Wells with To = 80° F. should have good agreement between measured and estimated values of BHCT from API correlations.

The author, therefore, suggests transforming a real wellbore to an API-equivalent wellbore.

For example consider a well with the following parameters:

•H = 20,000 ft
•Γ = 0.020° F./ft
•To = 60° F.

It follows that the 80° F. isotherm would be 1,000 ft or (80-60)/0.020.

The vertical depth of the API equivalent wellbore, H*, would be 19,000 ft or 20,000 ft less the 1,000 ft at To. Similarly for a well with To = 100° F., the vertical depth of the API-equivalent wellbore would be 21,000 ft or 20,000 ft plus 1,000 ft.

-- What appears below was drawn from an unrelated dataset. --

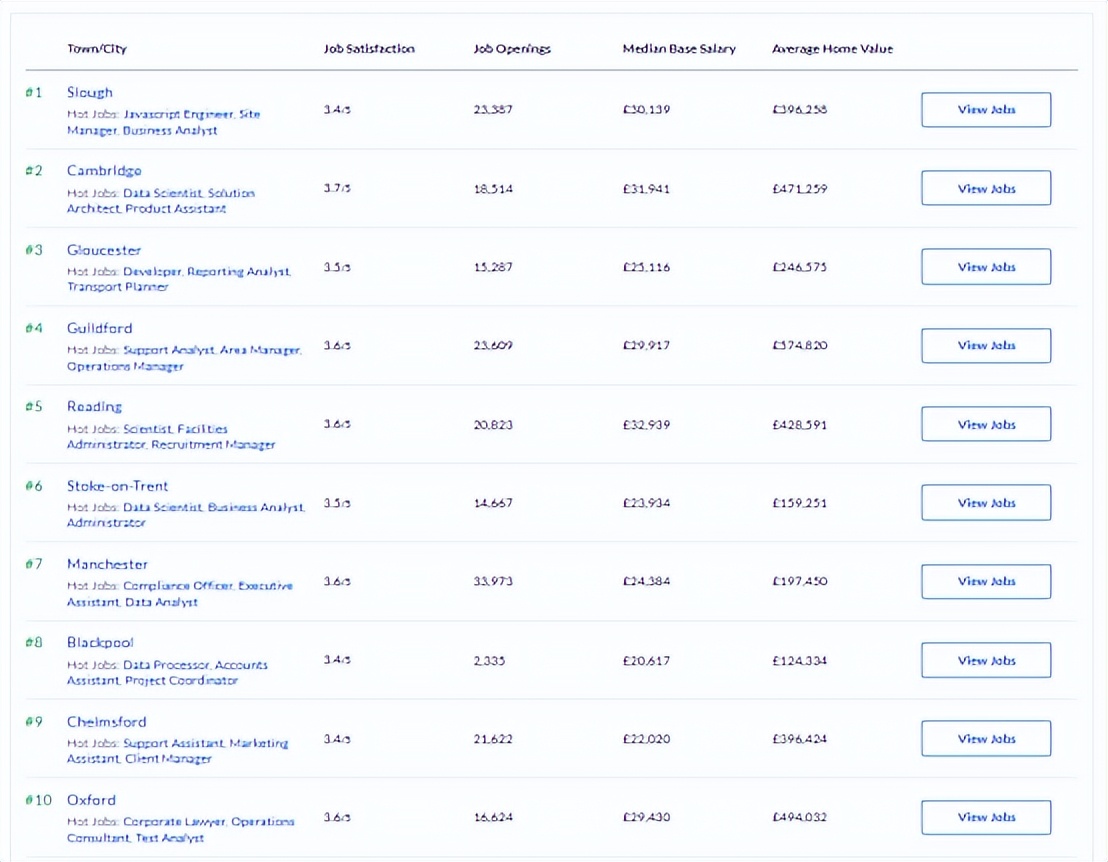 如何选择英国学校,怎么选择英国留学专业呢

Equations 6 and 7 present the calculations for equivalent vertical depth, H*, for a land well. Equation 8 presents the calculation for an offshore well, where To is the mud-line temperature and G is the temperature gradient from the mud line to the total wellbore depth (Equation 9).

Examples

Several examples illustrate BHCT determination with the API-EW method.

Example 1 is for a land well with the following surface temperature, vertical depth, static temperature gradient, and bottomhole static temperature:

•To = 50° F.
•H = 20,000 ft
•Γ = 0.015 °F./ft
•Tfb = 350° F.

Equations 10 calculates the equivalent vertical depth at 18,000 ft. Using API's new calculations for BHCT yields 291° F, given H* of 18,000 ft and G of 0.015° F./ft.2

This is in good agreement with the value of 301° F. determined by Equation 11, noting that the equation's accuracy is 8.2° F.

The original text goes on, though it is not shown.